SANGATTAKU – Menyusutnya debit air persawahan akibat musim kemarau membuat para petani padi di Kecamatan Rantau Pulung meminimalkan risiko gagal tanam. Langkah antisipasi diambil dengan menunda siklus penanaman bibit baru hingga pasokan air irigasi kembali stabil.
Camat Rantau Pulung, Vita Nurhasanah, membenarkan bahwa penurunan intensitas curah hujan berimbas langsung pada berkurangnya volume air untuk pengairan sawah warga.

“Kalau pertanian khusus untuk yang padi sawah, tentunya karena debit airnya berkurang, secara otomatis untuk pengairan sawah juga berkurang,” jelasnya, Sabtu (12/9/2026).

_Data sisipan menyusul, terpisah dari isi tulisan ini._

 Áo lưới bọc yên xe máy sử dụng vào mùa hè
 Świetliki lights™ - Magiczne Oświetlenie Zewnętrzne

Vita menjelaskan, keterbatasan pasokan air tersebut membuat para petani memilih bertindak rasional dengan menahan proses tanam berikutnya. Langkah ini diambil untuk mengantisipasi potensi kerugian materi apabila memaksakan penanaman di tengah keterbatasan air pengairan.

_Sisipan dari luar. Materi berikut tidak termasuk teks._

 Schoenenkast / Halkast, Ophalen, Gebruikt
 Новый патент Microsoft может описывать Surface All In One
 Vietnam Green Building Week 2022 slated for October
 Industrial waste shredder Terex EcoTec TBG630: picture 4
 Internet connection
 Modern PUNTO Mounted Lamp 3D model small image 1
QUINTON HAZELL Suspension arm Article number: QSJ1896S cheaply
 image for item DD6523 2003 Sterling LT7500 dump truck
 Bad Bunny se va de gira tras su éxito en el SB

Meski demikian, aktivitas pertanian di wilayah Rantau Pulung sempat mencatatkan hasil positif sebelum debit air menurun drastis. Kelompok petani padi sawah di kawasan SP 6 Desa Tanjung Labu berhasil menyelesaikan masa panen tepat waktu dengan kualitas produksi yang memuaskan.

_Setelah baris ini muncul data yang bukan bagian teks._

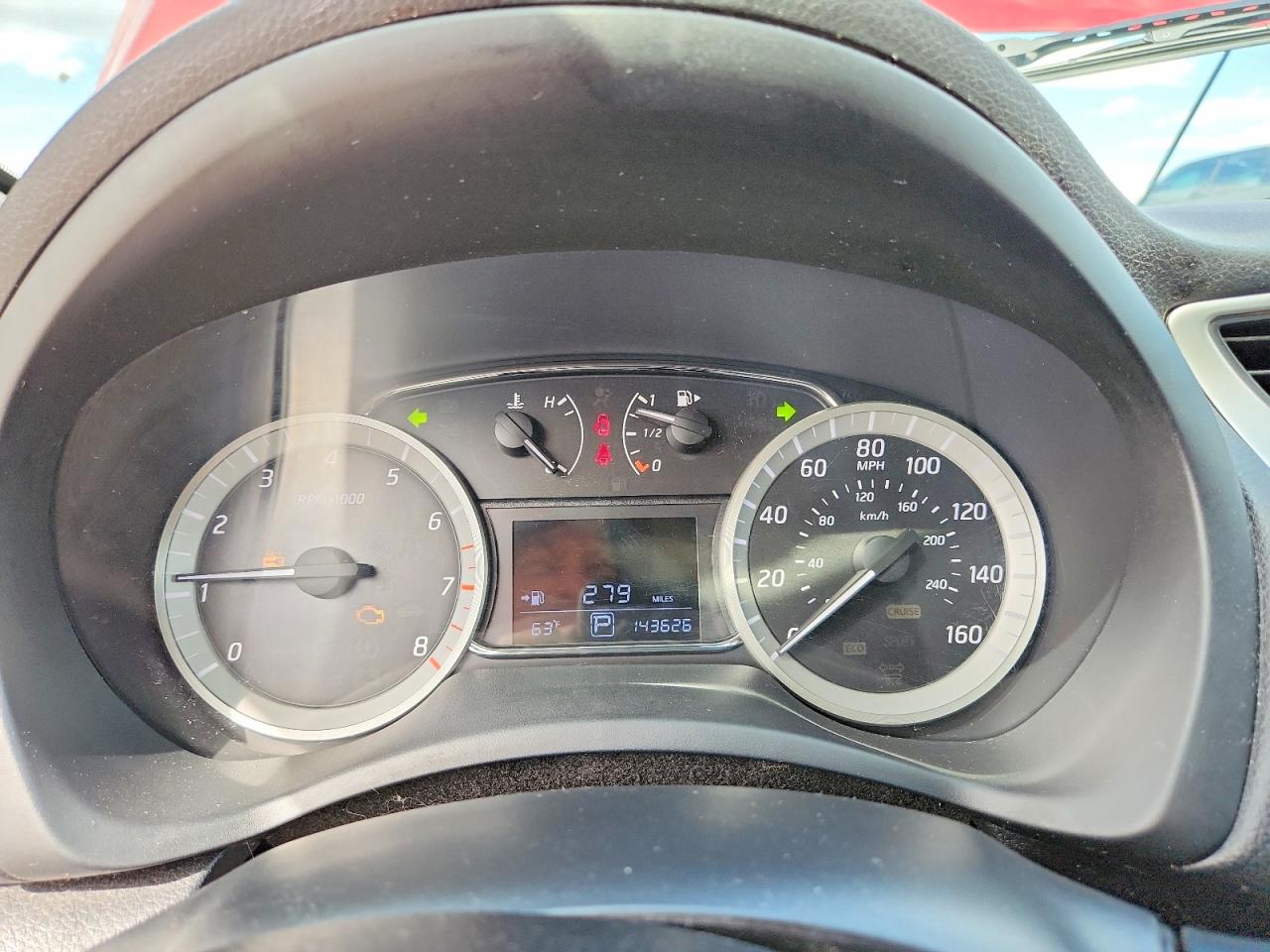 Nissan Sentra Sr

“Beberapa waktu kemarin di petani kami yang ada di SP 6 itu juga sudah melakukan pemanenan. Hasil panennya alhamdulillah bagus dan sempat dipanen,” imbuh Vita merujuk pada panen di Desa Tanjung Labu tersebut.
Lebih lanjut, Vita memaparkan gambaran umum komoditas di wilayahnya. Sektor pertanian di Rantau Pulung secara keseluruhan didominasi oleh perkebunan kelapa sawit rakyat dan perusahaan. Sementara itu, komoditas padi sawah yang dihasilkan warga Desa Tanjung Labu dan sekitarnya difokuskan untuk memenuhi kebutuhan pasokan pangan di tingkat lokal maupun kecamatan sekitar. (adv/Diskominfo Kutim)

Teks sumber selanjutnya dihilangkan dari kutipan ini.